Wear that Millennial Stamp with Pride

I want you to stop and consider something for a moment. Our generation is in a truly unique position in the history of the world. We are the first to have not only grown up with the Internet, but grown up on the Internet. This is the critical difference between us and everyone gone before us.

Call us the Millennials. Call us the next Lost Generation. But there is something more to us.

Ok, screw that headline.

After all, it is they that come up with the terms: we surf the Net. We cruise the Web. We are lost in Virtual Space, careening through the system of Tubes that constitute what is, to them, nothing more than an overly addictive game.

But it is not a game. One plays a game. We don’t “play” the Internet. It is as critical and ever-present in our modern environment as the grass beneath our toes or the atmosphere that holds us to it. It is not external—it is connected. It is not alternate reality, but another layer of reality itself.

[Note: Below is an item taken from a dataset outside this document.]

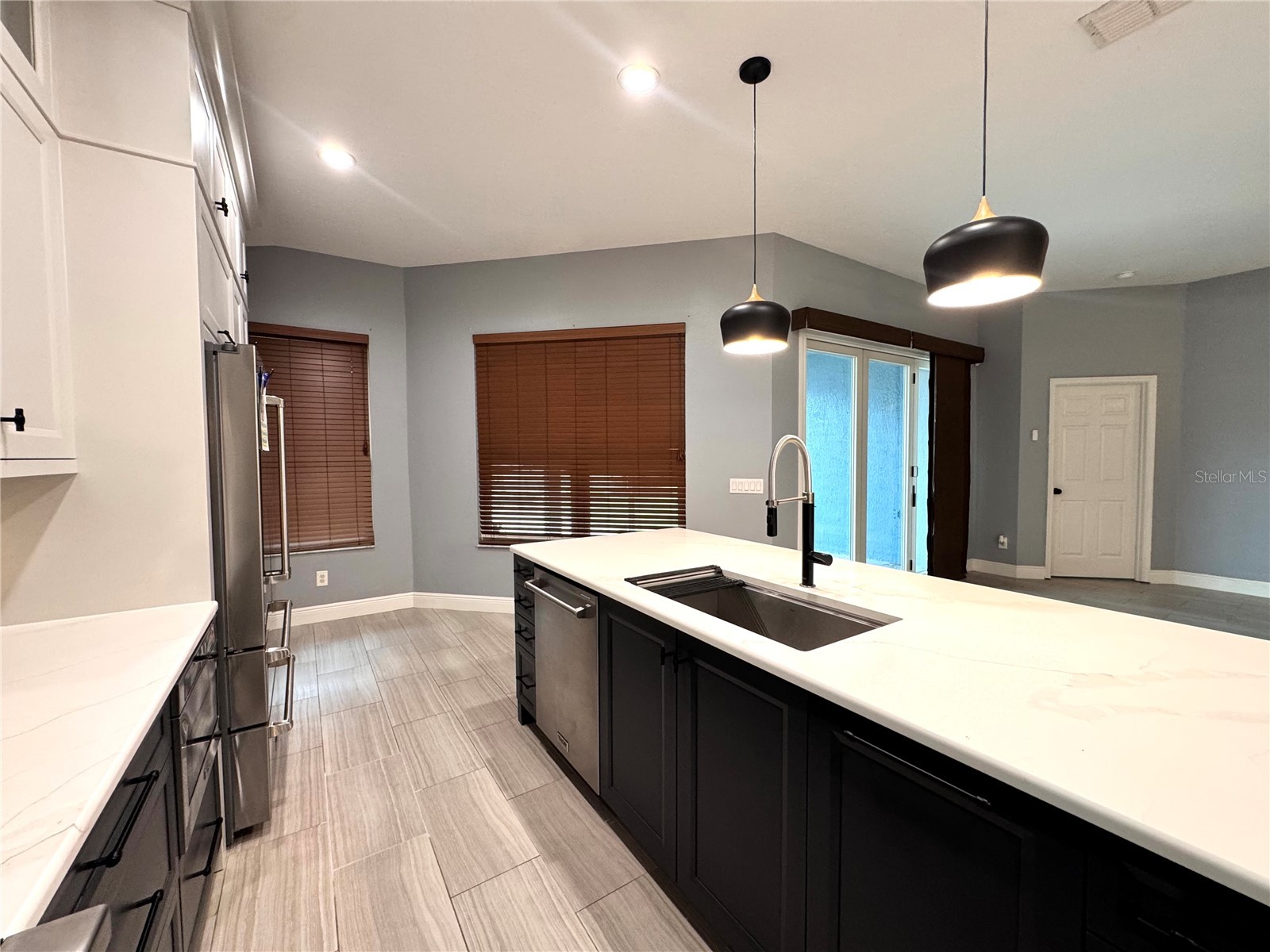 5004 Marbella Isle Drive Orlando FL 32837 O6412963 image12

Which is to say, the Internet is not something we use. It’s something we live—on it, inside it, alongside it, frolicking with it down memory lane, what have you—but it is an inescapable facet of our existence. We use the Internet to keep in touch with those both near and far, to organize, to research, to prepare. We plan with it, chart calendars on it, study, and dream through the wondrous expanse of its pages. Friends and enemies rise and fall online. Love and hate flourishes and dies in its expanse. Some of the greatest debates (and the tackiest) in the history of mankind are no doubt, out there, in the expanse of the Internet…Online, eternal, waiting.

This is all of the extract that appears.